• [What the task asks] Once the line with "NBA近20年夺冠球员在当届季后赛场均得分榜Top5：1.2019年：伦纳德" is found, repeat it and all later lines exactly through the end of the listing below, with the pictures left out.

• [Source material]
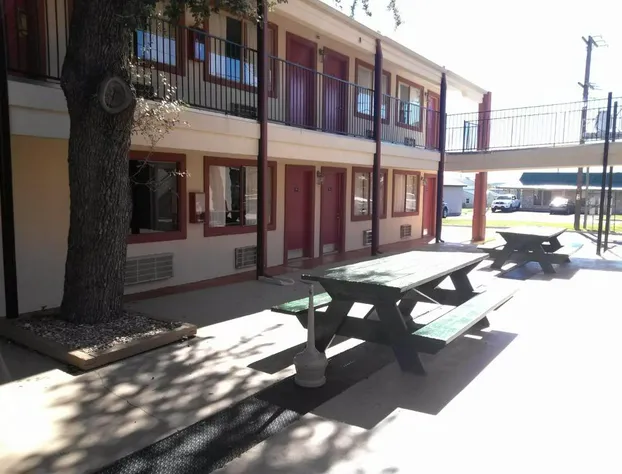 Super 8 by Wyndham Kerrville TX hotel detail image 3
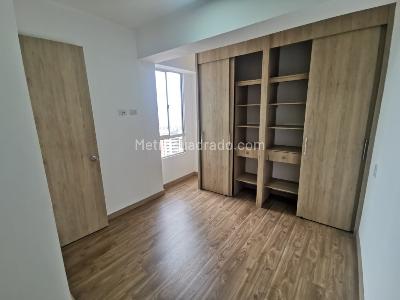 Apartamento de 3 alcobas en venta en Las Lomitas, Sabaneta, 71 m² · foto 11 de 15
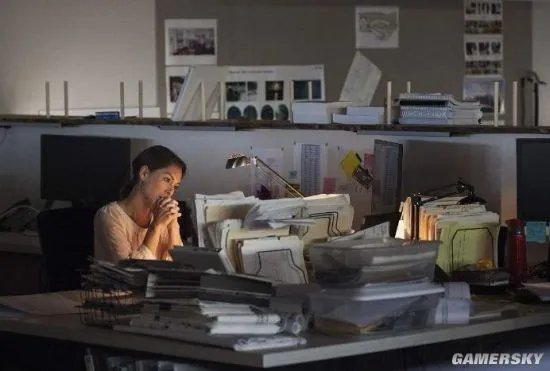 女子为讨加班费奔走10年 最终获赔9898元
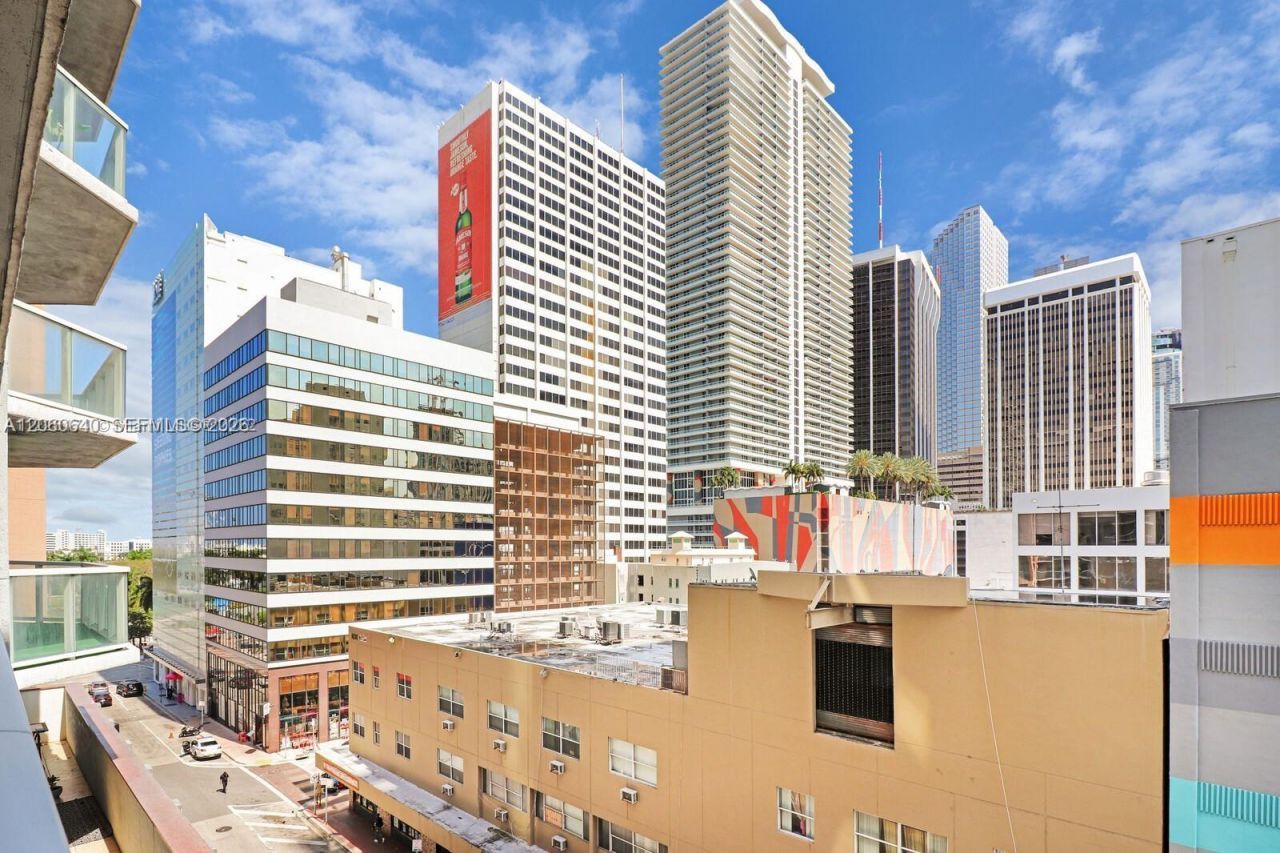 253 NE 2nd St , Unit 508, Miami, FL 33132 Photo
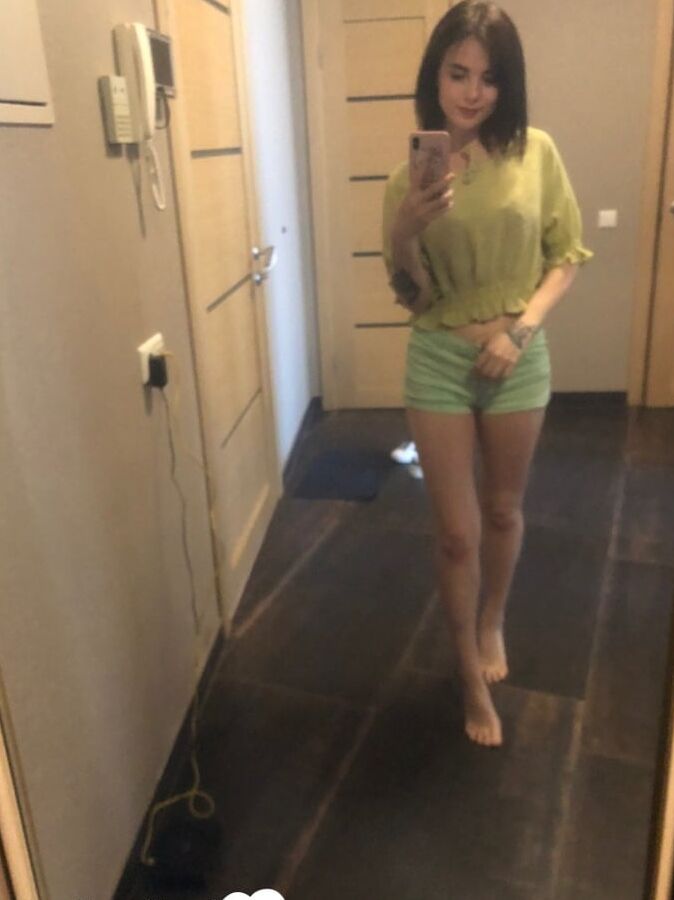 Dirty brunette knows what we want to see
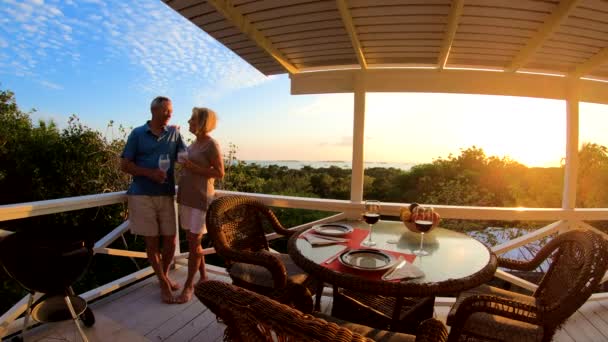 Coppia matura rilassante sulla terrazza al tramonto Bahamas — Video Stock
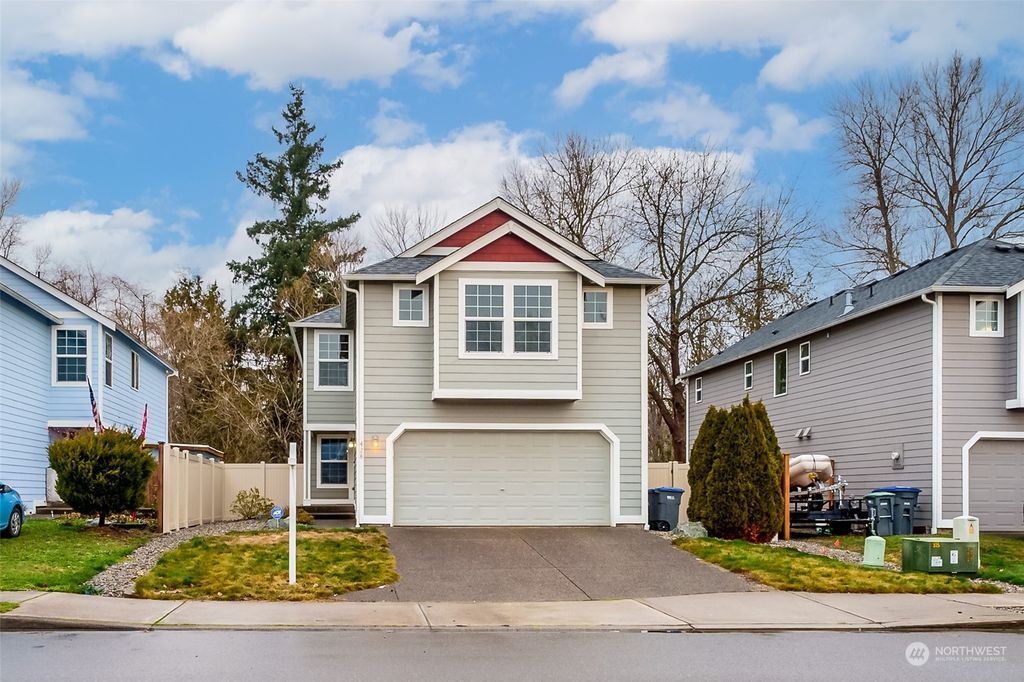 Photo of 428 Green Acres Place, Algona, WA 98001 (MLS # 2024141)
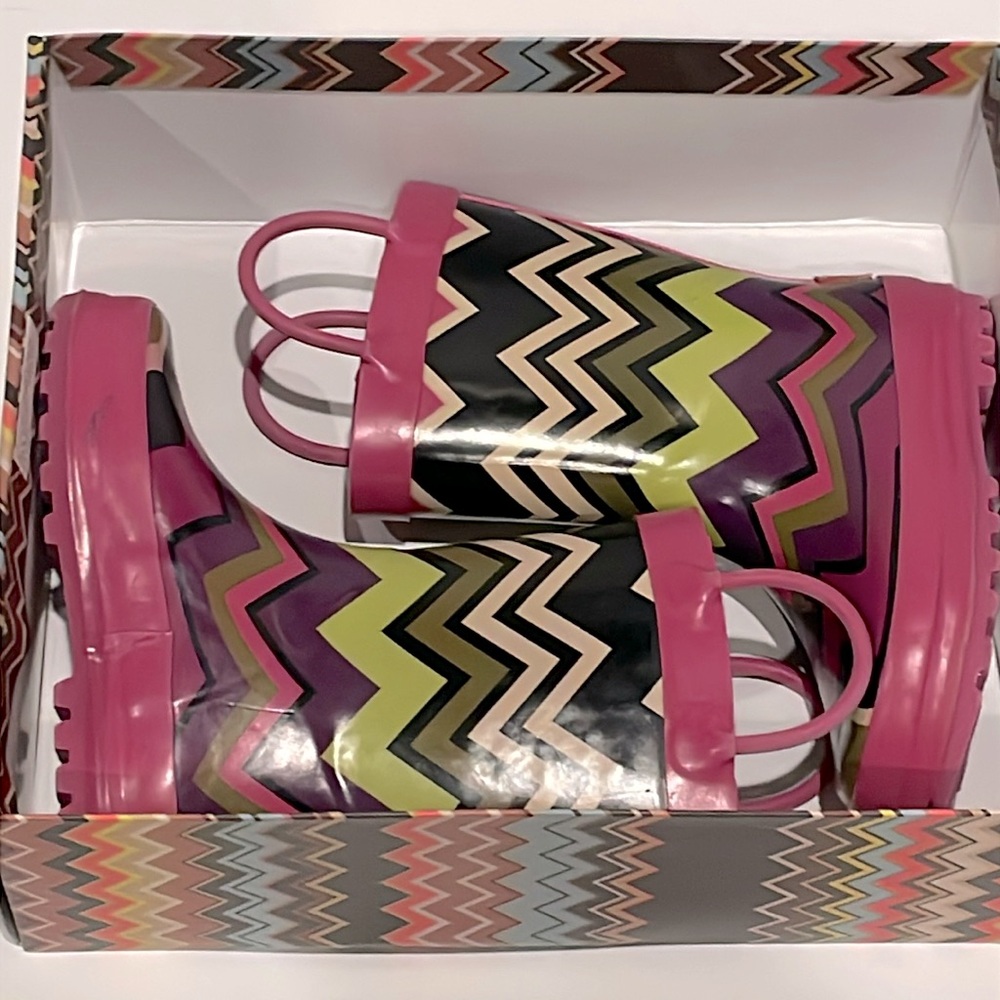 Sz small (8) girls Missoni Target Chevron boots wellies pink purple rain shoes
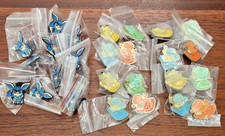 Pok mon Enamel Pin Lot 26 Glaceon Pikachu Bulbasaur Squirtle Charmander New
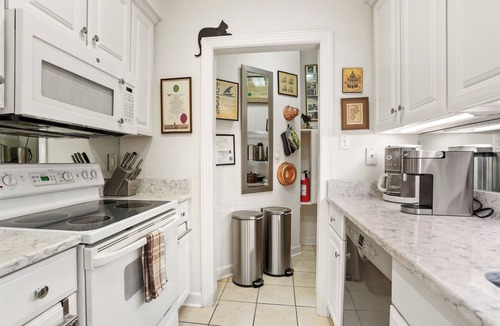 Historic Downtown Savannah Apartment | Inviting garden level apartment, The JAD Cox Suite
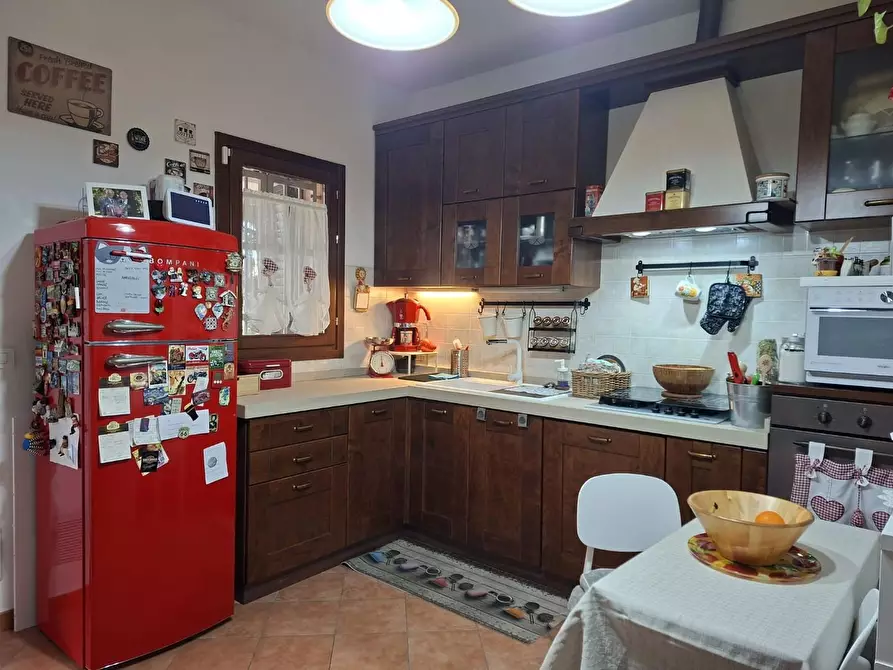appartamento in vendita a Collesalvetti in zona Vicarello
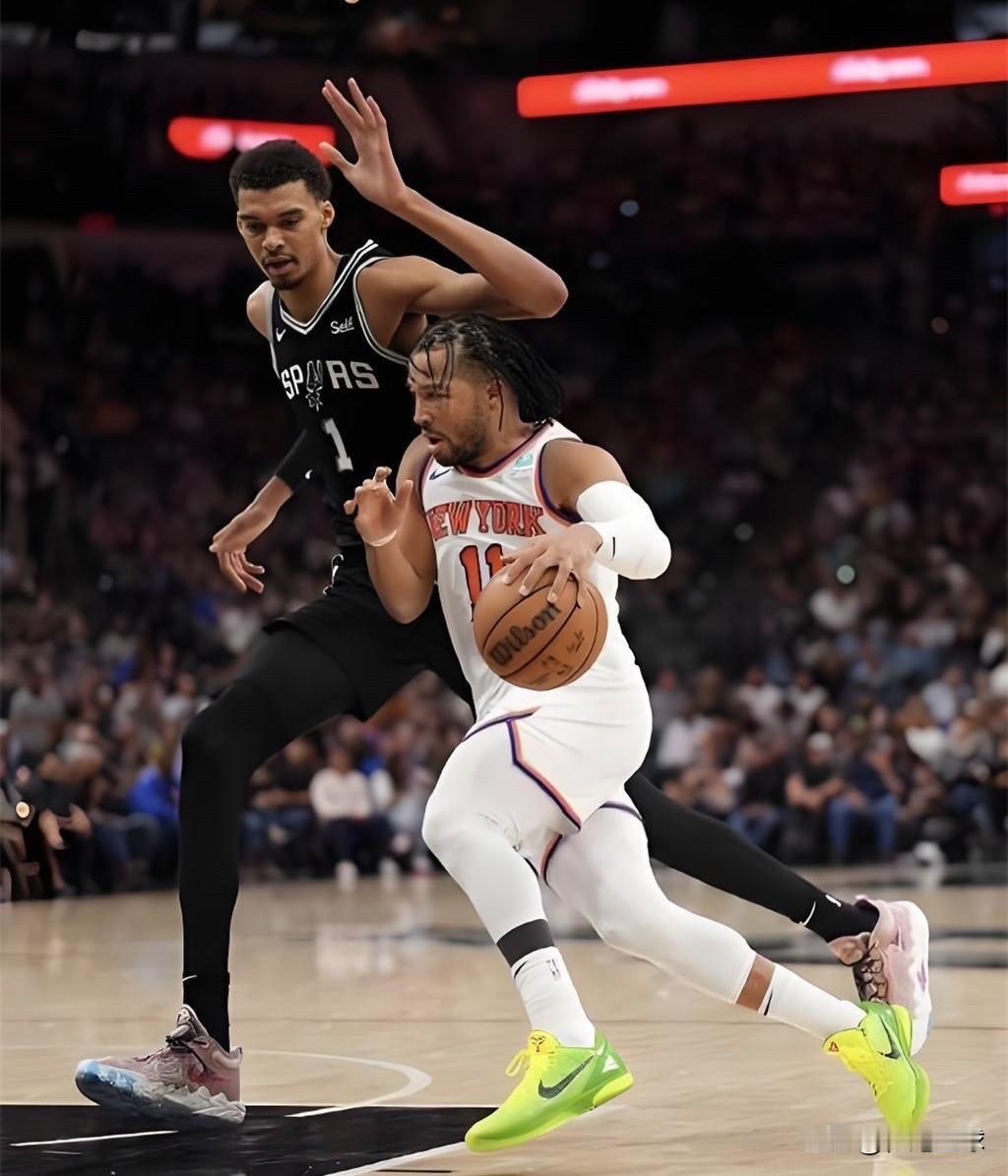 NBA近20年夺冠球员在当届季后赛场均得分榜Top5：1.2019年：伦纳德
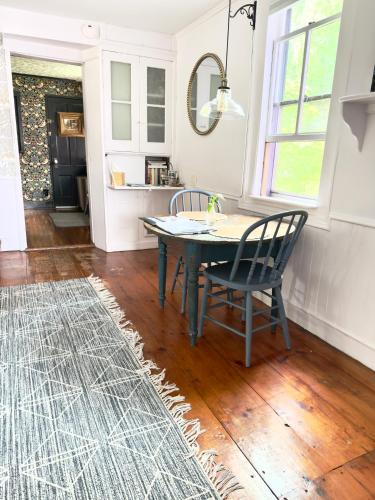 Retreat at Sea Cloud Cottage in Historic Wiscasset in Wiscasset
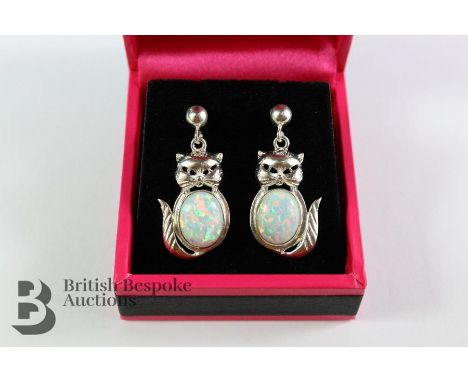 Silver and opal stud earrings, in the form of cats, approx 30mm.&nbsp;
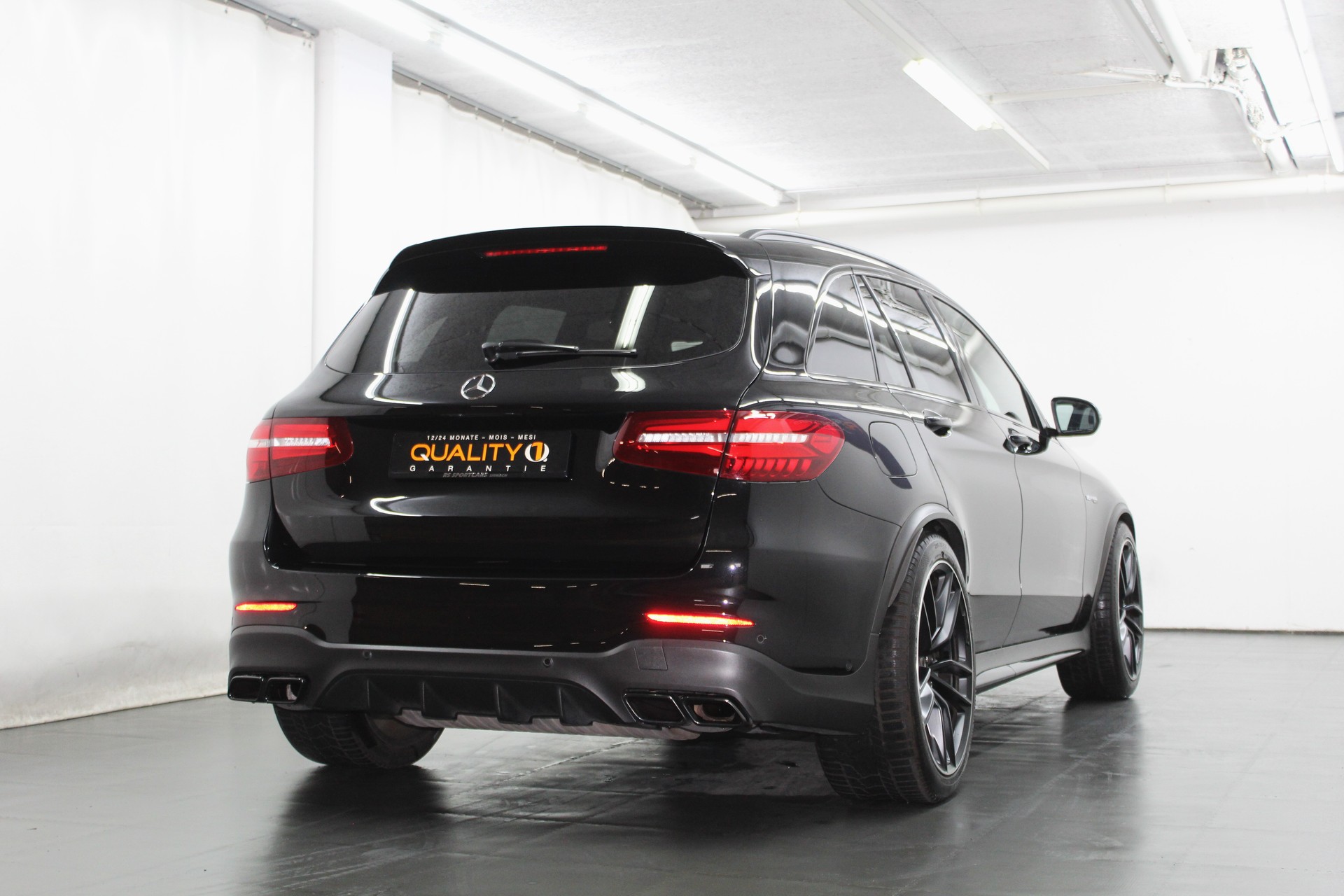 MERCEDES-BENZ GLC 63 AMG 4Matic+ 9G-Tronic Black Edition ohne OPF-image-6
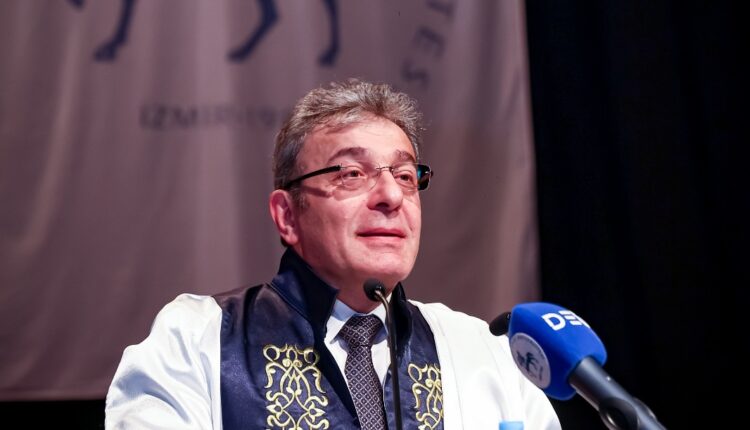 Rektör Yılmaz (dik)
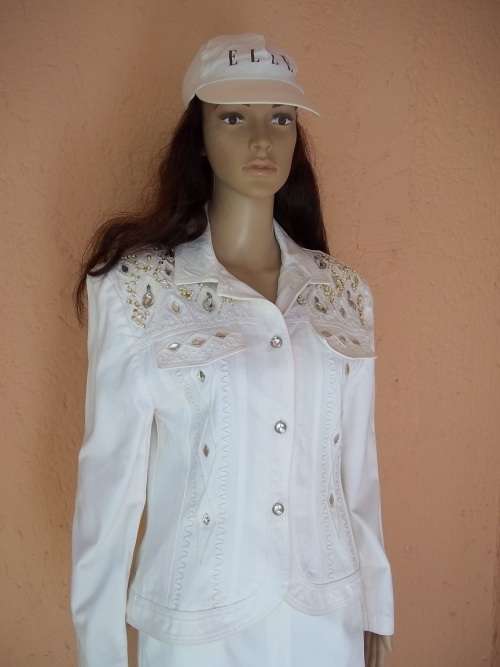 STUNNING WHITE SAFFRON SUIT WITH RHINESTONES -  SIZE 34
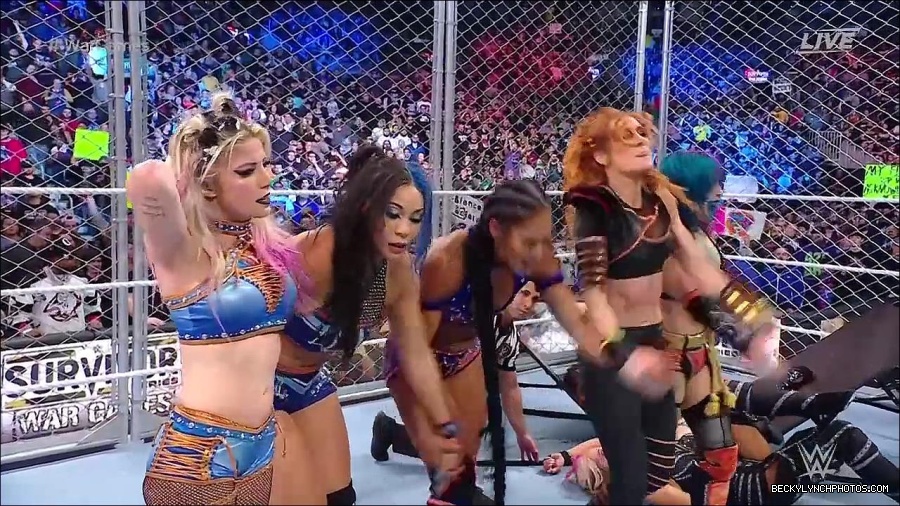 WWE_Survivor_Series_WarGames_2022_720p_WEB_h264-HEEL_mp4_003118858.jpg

• [Your response]
 NBA近20年夺冠球员在当届季后赛场均得分榜Top5：1.2019年：伦纳德
 Retreat at Sea Cloud Cottage in Historic Wiscasset in Wiscasset
 Silver and opal stud earrings, in the form of cats, approx 30mm.&nbsp;
 MERCEDES-BENZ GLC 63 AMG 4Matic+ 9G-Tronic Black Edition ohne OPF-image-6
 Rektör Yılmaz (dik)
 STUNNING WHITE SAFFRON SUIT WITH RHINESTONES -  SIZE 34
 WWE_Survivor_Series_WarGames_2022_720p_WEB_h264-HEEL_mp4_003118858.jpg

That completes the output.